New mothers and fathers know the agony of letting your baby cry for even a moment without rushing to comfort her. Now just imagine putting your newborn in a basket, pinning a $20 bill to her blanket and leaving her to howl for two days straight in the marketplace, while mosquitoes feast on her pudgy little face before she finally succumbs to thirst, starvation and exposure. And yet this is what happened—not hundreds, not thousands, but millions of times across China during its one-child policy that spanned from 1979 to 2015.
Baby abandonment is just one of the many horrors documented by Nanfu Wang (of “Hooligan Sparrow” fame) and Lynn Zhang (a.k.a. Jialing Zhang), the directors of “One Child Nation,” which weaves together Wang’s personal story of becoming a new mother and a larger examination of how government policy impacted her own community. With a baby strapped to her frontside and a camera on her shoulder, Wang travels back to China, where she interviews her family members in her rural home.
She is surprised to learn how the policy deeply impacted her relatives. Her uncle abandoned his baby in the aforementioned way. Her aunt gave her daughter to a child trafficker. She meets a midwife who prays for redemption for all the babies she had killed. Wang meets with village elders who all say the same thing like a mantra: “It had to be done” and “there was no choice.” Her mother laughs uncomfortably during the interview and says, “There would be cannibalism without it.”

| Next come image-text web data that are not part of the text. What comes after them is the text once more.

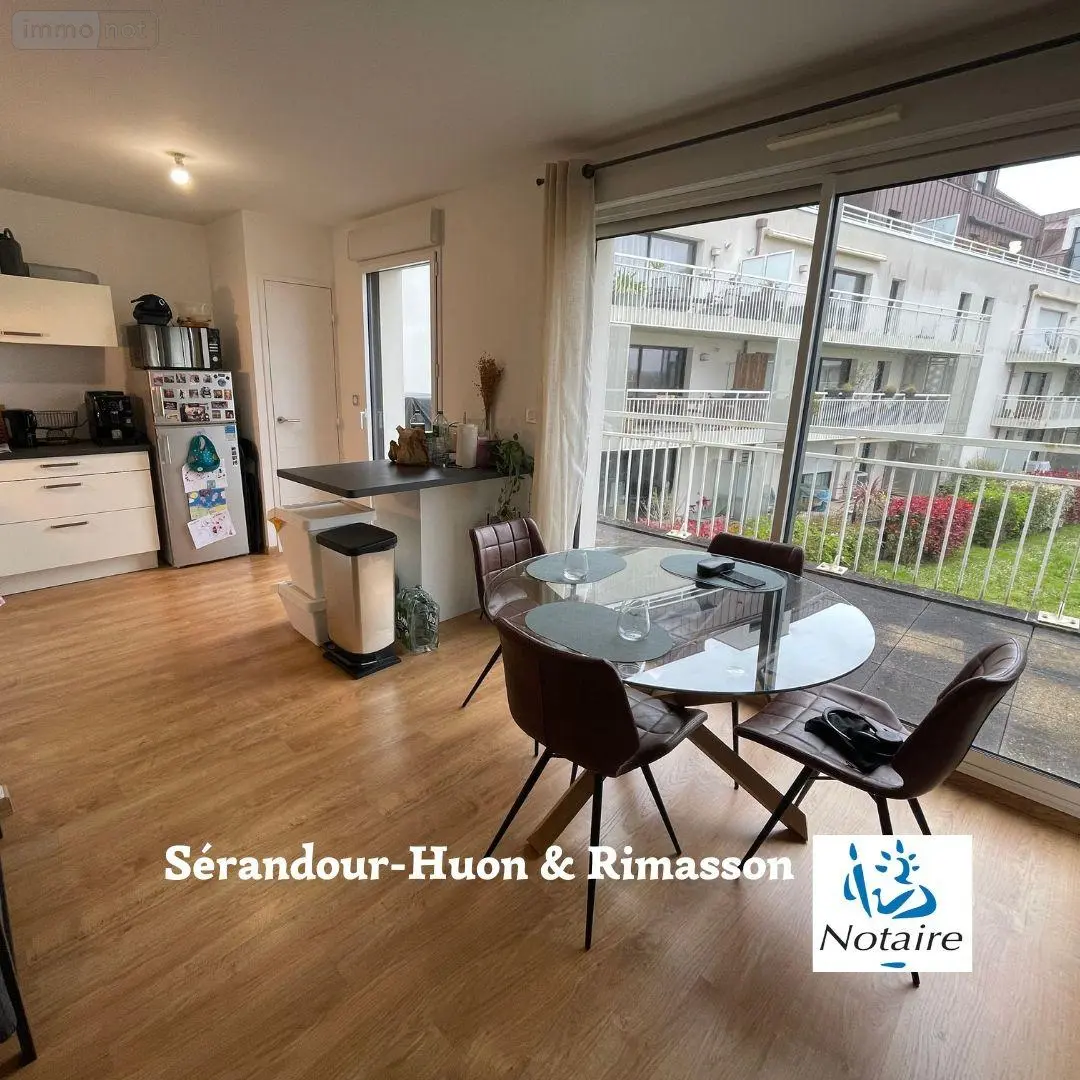 Appartement a vendre Saint-Grégoire 35760 Ille-et-Vilaine 35 69 m2 3 pièces 307390 euros AL/2026-04-SG 001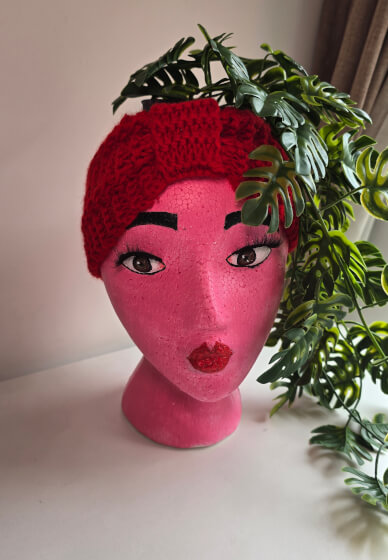 Crown and Bloom: Paint Your Own Mannequin Head Experience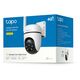 TP-Link Tapo C501GW 4G LTE εξωτερική-outdoor κάμερα (2MP, PTZ, Full HD 1080p, WiFi, 4GLTE, 1xGbE, PoE, IR 30m, microSD)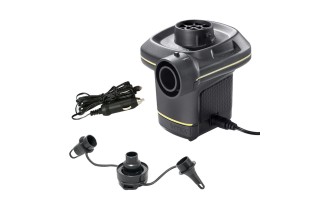 Inflador para Piscinas y Colchones Intex 66634 12V/220V Inflador para Piscinas y Colchones Intex 66634 12V/220V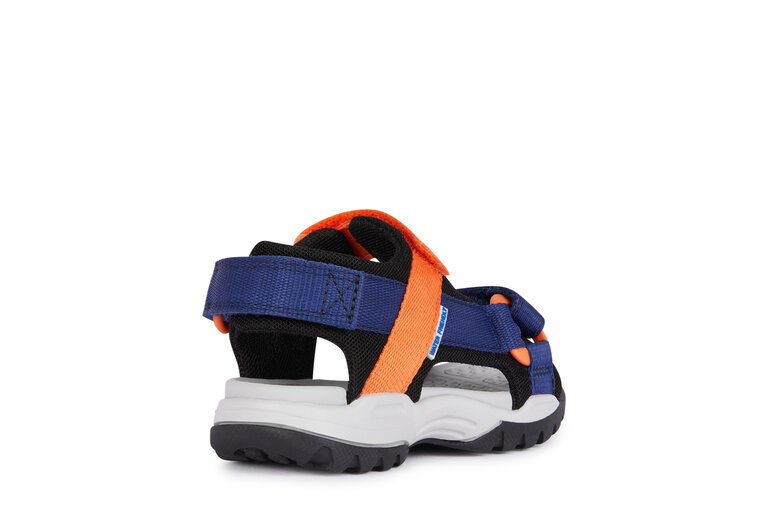 GEOX Borealis Junior Navy  / Orange
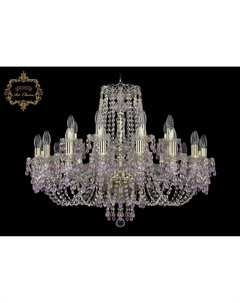 Хрустальная люстра Bohemia art classic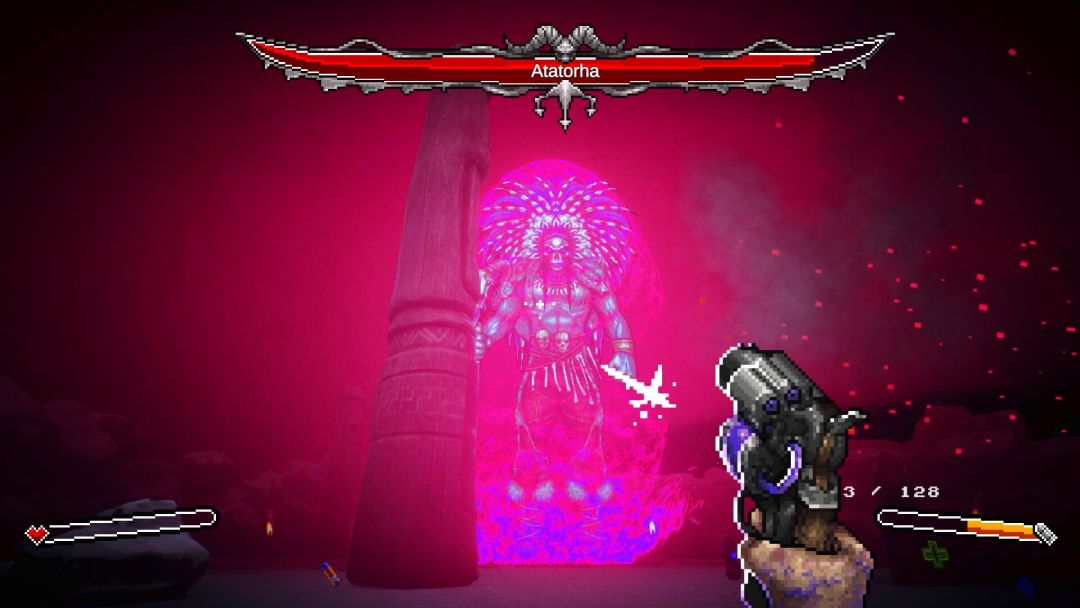 M.E.A.T. II: Absolute Zero游戏截图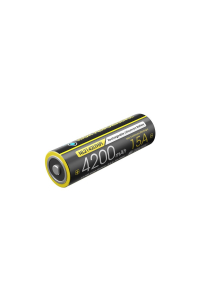 Obrázok pre BATTERY RECH. 21700 4200MAH/NL2142LTHPI NITECORE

China was a poor country, and its citizens had endured famine and starvation. By 1979, the world’s most populous country was hurtling toward the one billion souls mark. The government feared that this population boom would tax its resources and the country would descend into chaos. Hence the one-child policy. Wang and Zhang uncover how far the state went to enforce this law, thereby underscoring the idea that the Chinese place far more importance on the state than on the individual.
Beyond the small village community, they interview provincial nurses who induced late-term abortions and killed fetuses with their bare hands. They meet an artist who was arrested for taking photos of babies curled up in yellow plastic bags at landfills. They chat with a security guard who went to prison for “human trafficking”—because he and his family members couldn’t bear to let the female babies rot in the streets, they took them to orphanages. Due to changes in international adoption laws, millions of Chinese girls were adopted overseas, sometimes against the will of their families.
“One Child Nation’s” well constructed narrative moves deftly and grippingly from macro issues of state-induced family planning (to put it mildly) to the most intimate moments of heartache and disappointment. For example, a set of twins were separated because of the one-child policy. The older twin was sent to an American family, while the younger one stayed behind in China, yearning to wear matching outfits and coordinated hairstyles with her missing sister. But when they finally connected on social media, she hesitated to ask her any intimate questions, afraid that she would annoy her and get blocked.
It’s one thing to make an absorbing feature, but it’s another kind of feat to make a prize-winning documentary in a country that’s determined to arrest you for your storytelling and filmmaking. This is what Wang and Zhang have achieved.